Hello, I have been trying to submit a job in our cluster for a intel17 compiled and impi enabled code. I keep getting trouble at startup when running through PBS.
This is the submission script:
#!/bin/bash #PBS -N propane_XO2_ramp_dx_p3125cm(IMPI) #PBS -W umask=0022 #PBS -e /home4/mnv/FIREMODELS_ISSUES/fds/Validation/UMD_Line_Burner/Test_Valgrind/propane_XO2_ramp_dx_p3125cm.err #PBS -o /home4/mnv/FIREMODELS_ISSUES/fds/Validation/UMD_Line_Burner/Test_Valgrind/propane_XO2_ramp_dx_p3125cm.log #PBS -l nodes=16:ppn=12 #PBS -l walltime=999:0:0 module purge module load null modules torque-maui intel/17 export OMP_NUM_THREADS=1 export I_MPI_FABRICS=shm:dapl export I_MPI_DAPL_PROVIDER=OpenIB-cma export I_MPI_FALLBACK_DEVICE=0 export I_MPI_DEBUG=100 cd /home4/mnv/FIREMODELS_ISSUES/fds/Validation/UMD_Line_Burner/Test_Valgrind echo echo $PBS_O_HOME echo `date` echo "Input file: propane_XO2_ramp_dx_p3125cm.fds" echo " Directory: `pwd`" echo " Host: `hostname`" /opt/intel17/compilers_and_libraries/linux/mpi/bin64/mpiexec -np 184 /home4/mnv/FIREMODELS_ISSUES/fds/Build/impi_intel_linux_64/fds_impi_intel_linux_64 propane_XO2_ramp_dx_p3125cm.fds
As you can see I'm invoking DAPL and OpenIB-cma as dapl provider.

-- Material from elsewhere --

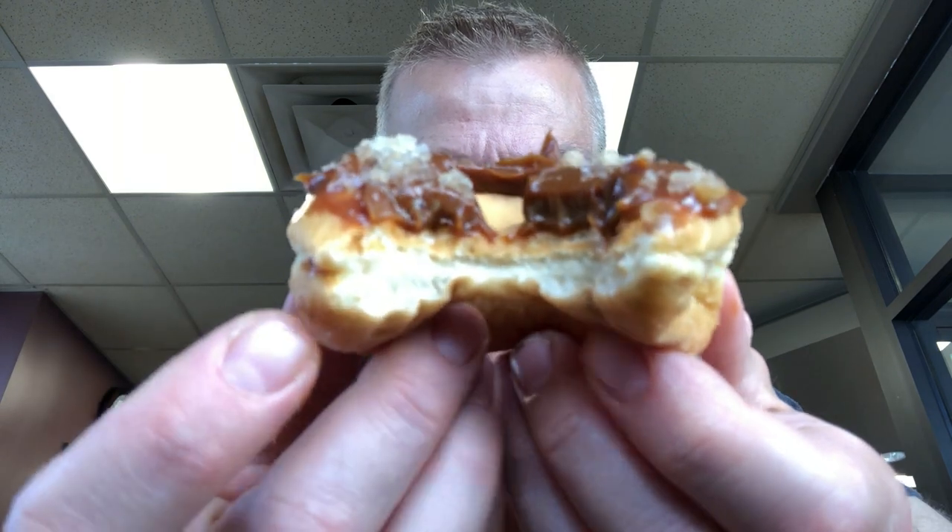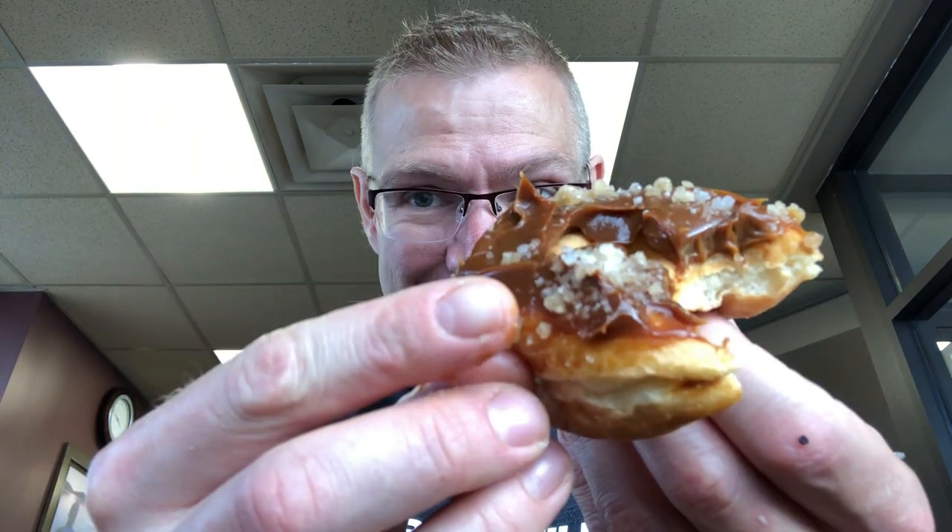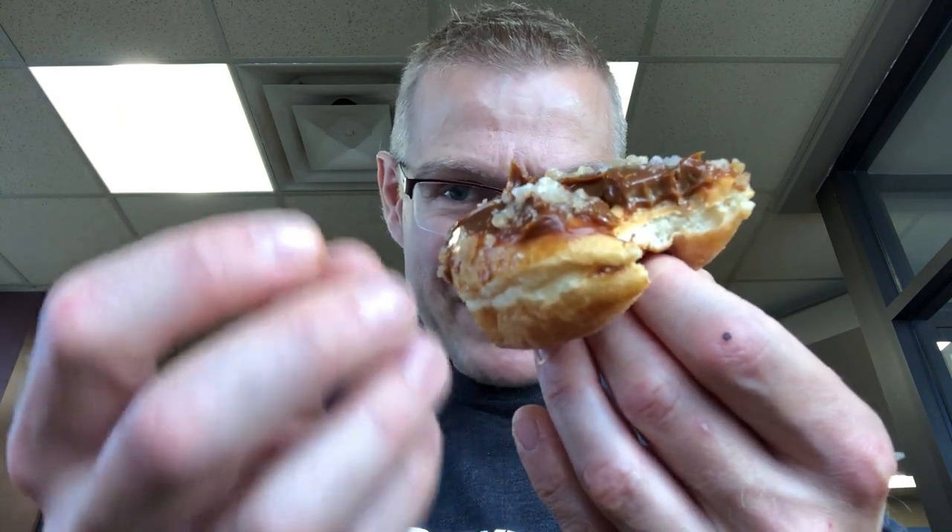Oh guys, check that out — super soft caramel. Oh my god, that is awesome. The salt is hitting; it has like a crunch and a sweetness to it. It's almost like a salt and sugar blend. Needless to say, it's pretty dreamy. It's definitely salty sweet and it's going to get your salted caramel fix in.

This is what I see on my login node /etc/dat.conf
OpenIB-cma u1.2 nonthreadsafe default libdaplcma.so.1 dapl.1.2 "ib0 0""" OpenIB-cma-1 u1.2 nonthreadsafe default libdaplcma.so.1 dapl.1.2 "ib1 0""" OpenIB-cma-2 u1.2 nonthreadsafe default libdaplcma.so.1 dapl.1.2 "ib2 0""" OpenIB-cma-3 u1.2 nonthreadsafe default libdaplcma.so.1 dapl.1.2 "ib3 0""" OpenIB-bond u1.2 nonthreadsafe default libdaplcma.so.1 dapl.1.2 "bond0 0""" ofa-v2-ib0 u2.0 nonthreadsafe default libdaplofa.so.2 dapl.2.0 "ib0 0""" ofa-v2-ib1 u2.0 nonthreadsafe default libdaplofa.so.2 dapl.2.0 "ib1 0""" ofa-v2-ib2 u2.0 nonthreadsafe default libdaplofa.so.2 dapl.2.0 "ib2 0""" ofa-v2-ib3 u2.0 nonthreadsafe default libdaplofa.so.2 dapl.2.0 "ib3 0""" ofa-v2-bond u2.0 nonthreadsafe default libdaplofa.so.2 dapl.2.0 "bond0 0"""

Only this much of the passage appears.